The Dodgers countered with Rubby De La Rosa in the seventh, working the night before his 22nd birthday. Rubby has been known to throw 103, the same blistering speed as Chapman. He pitched for Class-A Great Lakes and Double-A Chattanooga last year he combined for a 2.37 earned run average and 94 strikeouts in 110 innings. He used six pitches to retire the Reds in order in the seventh and gave up a leadoff double in the eighth, picked the runner off, then collected a pair of strikeout.

Ivan De Jesus singled to right with one out in the eighth inning, breaking a string of 10 straight Dodgers retired since the fifth inning. Justin Sellers bounced into a double play to kill that mild threat.
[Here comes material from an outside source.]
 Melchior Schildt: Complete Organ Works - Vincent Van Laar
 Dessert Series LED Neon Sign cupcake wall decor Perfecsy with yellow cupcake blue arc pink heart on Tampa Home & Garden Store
A double play ended the game after A.J. Ellis legged out an infield hit, the Dodgers seventh, and final, hit of the night.

Pitchers on display in "B" game<
Ted Lilly recovered from the flu to pitch two perfect innings for the Dodgers in a "B" game against the White Sox on Thursday morning and three of their first-round selections, Ethan Martin Aaron Miller and Zach Lee also saw action.

Lilly, who missed his first scheduled start Wednesday, made 27 pitches, had a single strikeout over his two innings of work. He threw mostly fastballs and changeups, with a few sinkers to left-handed hitters.

"I felt good. I was definitely excited to be pitching in a game again," said Lilly, who was making his first start since signing a three-year, $33 million contract. "Some adrenaline kicked in and helped me forget the flu. I enjoyed being out there and being part of a team. I missed that in the offseason."

"My command wasn't especially great, buy my velocity was OK. I don't expect it to be where I'd like it to be just yet but I hope to get there pretty soon. It's not as much my velocity as delivering without effort and strain on my arm."

Lilly said by pitching two innings, he will be able to come back in four days and get back on the five-man rotation cycle.

Following Lilly 2010 first-rounder Zach Lee worked two-thirds of an inning with a strikeout while allowing a run before his pitch count kicked in. Lee was drafted and then signed just before the deadline for a club record $5.25 million. He had a scholarship to play quarterback for LSU and many considered him the most un-signable player in the Draft.

Martin and Andrew, who each added a scoreless inning, were the club's top picks in 2008 and 2009. Martin signed for $1.73 million and Miller, a supplemental pick, received $889,200.